REQUIRED WORK: Keeping pictures out of the copy, restate each record word for word.

EXCERPTED RECORDS:
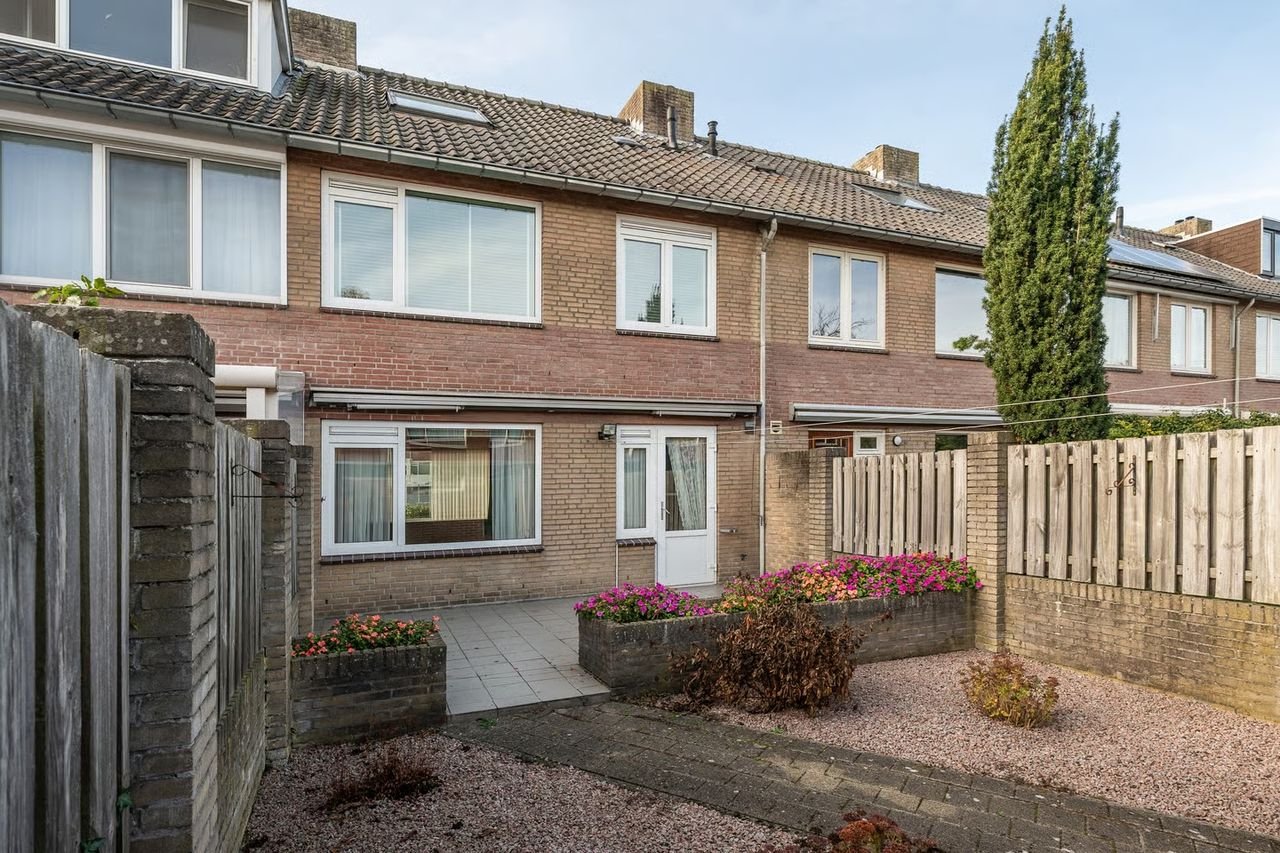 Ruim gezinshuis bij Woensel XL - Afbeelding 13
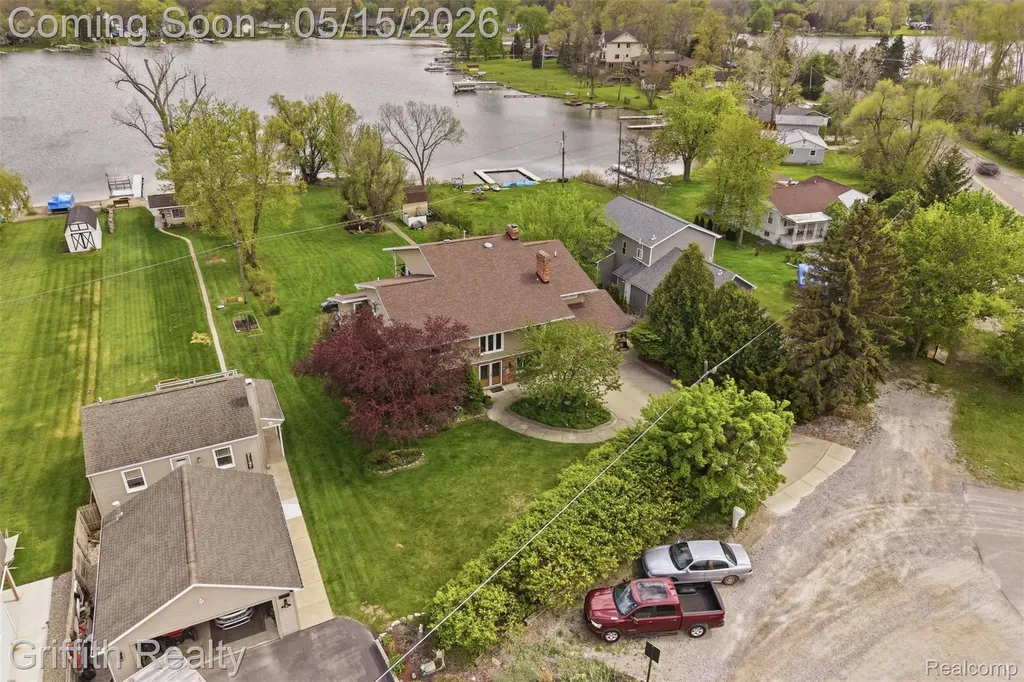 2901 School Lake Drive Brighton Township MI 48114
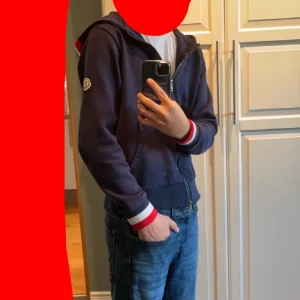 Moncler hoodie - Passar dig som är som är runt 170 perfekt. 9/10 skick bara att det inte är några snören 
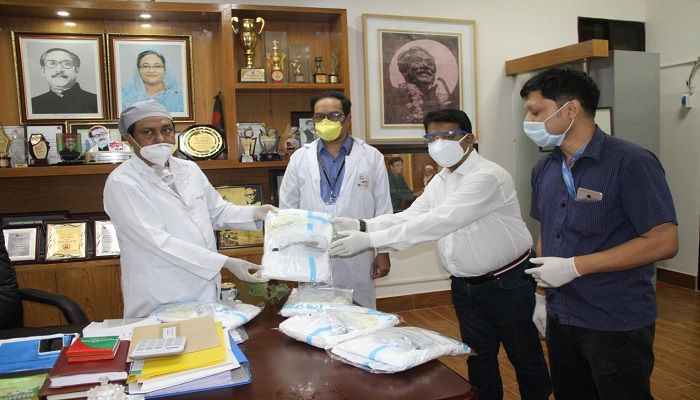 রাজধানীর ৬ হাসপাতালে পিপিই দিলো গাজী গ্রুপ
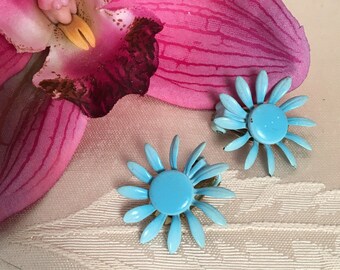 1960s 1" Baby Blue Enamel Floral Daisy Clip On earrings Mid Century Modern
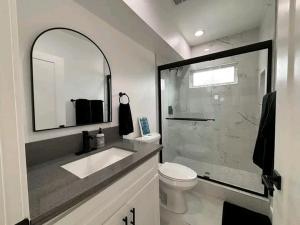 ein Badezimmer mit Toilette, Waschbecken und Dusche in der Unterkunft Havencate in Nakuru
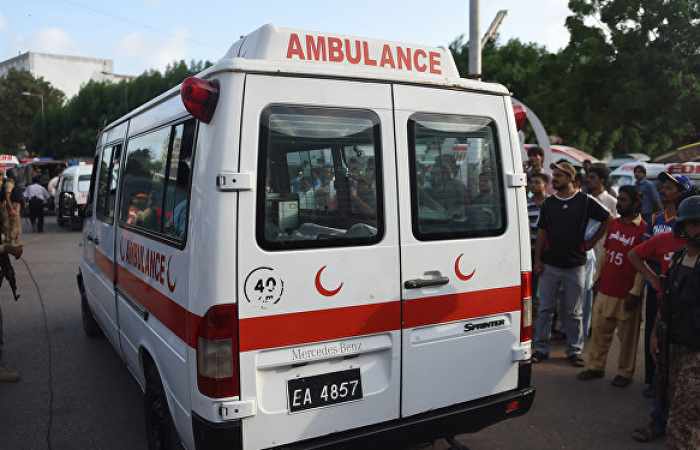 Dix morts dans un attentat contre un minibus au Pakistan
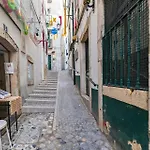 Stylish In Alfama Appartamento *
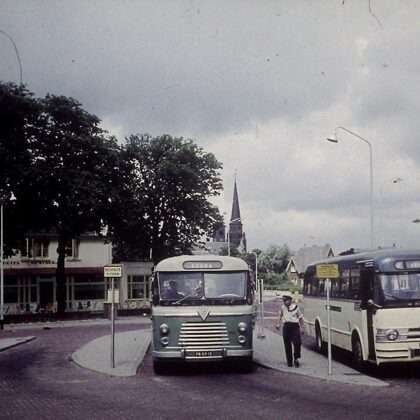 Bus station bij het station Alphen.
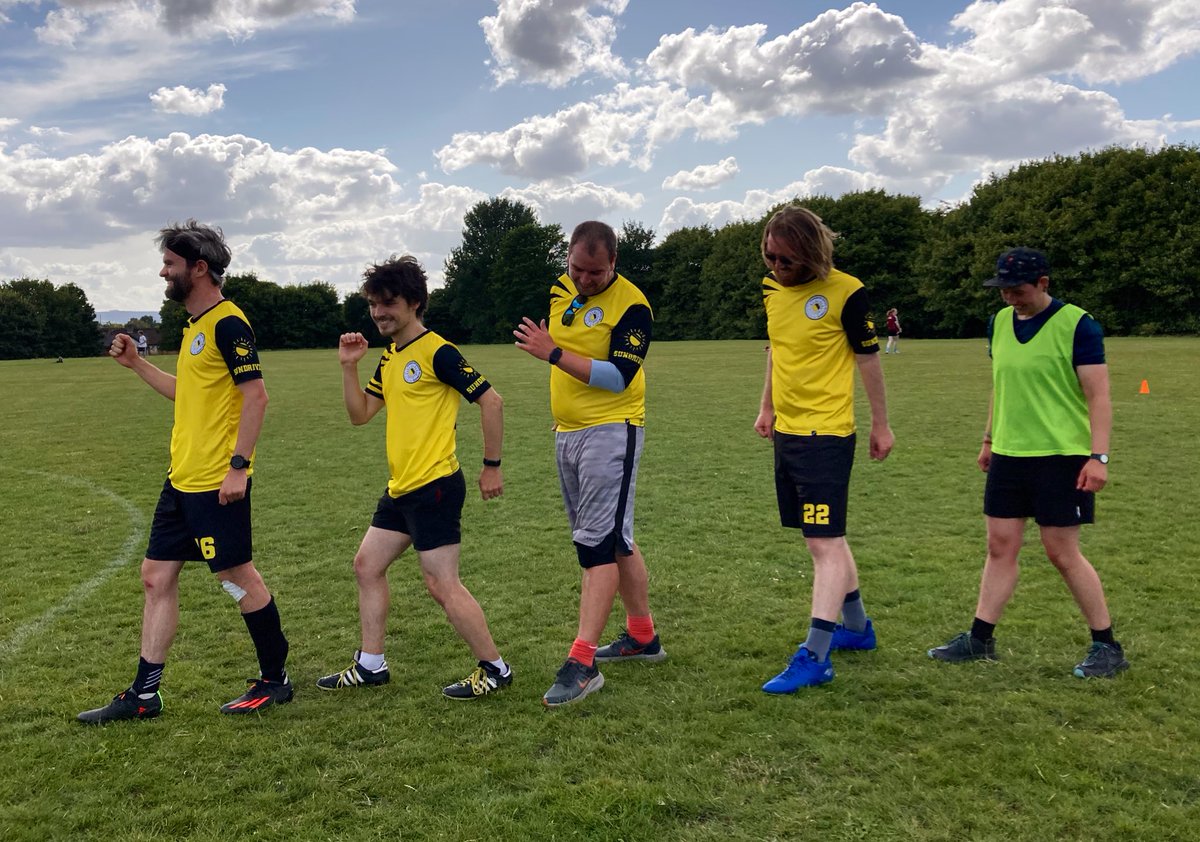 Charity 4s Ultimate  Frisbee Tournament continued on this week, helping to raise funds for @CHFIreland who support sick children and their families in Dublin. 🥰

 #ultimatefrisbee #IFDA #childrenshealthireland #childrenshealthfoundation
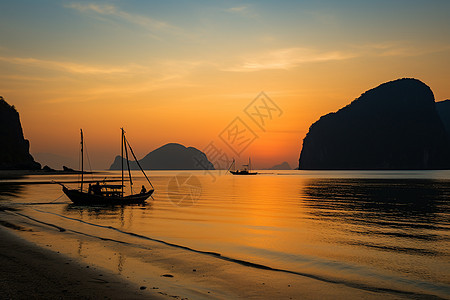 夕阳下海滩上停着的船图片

RESULT FOR THIS EXERCISE:
 Ruim gezinshuis bij Woensel XL - Afbeelding 13
 2901 School Lake Drive Brighton Township MI 48114
 Moncler hoodie - Passar dig som är som är runt 170 perfekt. 9/10 skick bara att det inte är några snören 
 রাজধানীর ৬ হাসপাতালে পিপিই দিলো গাজী গ্রুপ
 1960s 1" Baby Blue Enamel Floral Daisy Clip On earrings Mid Century Modern
 ein Badezimmer mit Toilette, Waschbecken und Dusche in der Unterkunft Havencate in Nakuru
 Dix morts dans un attentat contre un minibus au Pakistan
 Stylish In Alfama Appartamento *
 Bus station bij het station Alphen.
 Charity 4s Ultimate  Frisbee Tournament continued on this week, helping to raise funds for @CHFIreland who support sick children and their families in Dublin. 🥰

 #ultimatefrisbee #IFDA #childrenshealthireland #childrenshealthfoundation
 夕阳下海滩上停着的船图片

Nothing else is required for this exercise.